What needs to be done>
Could you output exactly the lines from the one containing "Ledvance LED CLASSIC" through the end of the records below, and nothing more?

[Scraped caption text data]
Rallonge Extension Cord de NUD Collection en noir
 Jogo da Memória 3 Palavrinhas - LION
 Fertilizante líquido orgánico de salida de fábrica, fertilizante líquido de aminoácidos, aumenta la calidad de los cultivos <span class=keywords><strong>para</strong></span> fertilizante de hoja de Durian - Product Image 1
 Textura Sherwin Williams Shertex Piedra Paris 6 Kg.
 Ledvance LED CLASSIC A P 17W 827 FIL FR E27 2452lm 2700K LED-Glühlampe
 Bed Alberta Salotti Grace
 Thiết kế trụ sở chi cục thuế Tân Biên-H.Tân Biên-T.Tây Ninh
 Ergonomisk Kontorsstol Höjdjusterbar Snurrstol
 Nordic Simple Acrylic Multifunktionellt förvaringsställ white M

Written response>
 Ledvance LED CLASSIC A P 17W 827 FIL FR E27 2452lm 2700K LED-Glühlampe
 Bed Alberta Salotti Grace
 Thiết kế trụ sở chi cục thuế Tân Biên-H.Tân Biên-T.Tây Ninh
 Ergonomisk Kontorsstol Höjdjusterbar Snurrstol
 Nordic Simple Acrylic Multifunktionellt förvaringsställ white M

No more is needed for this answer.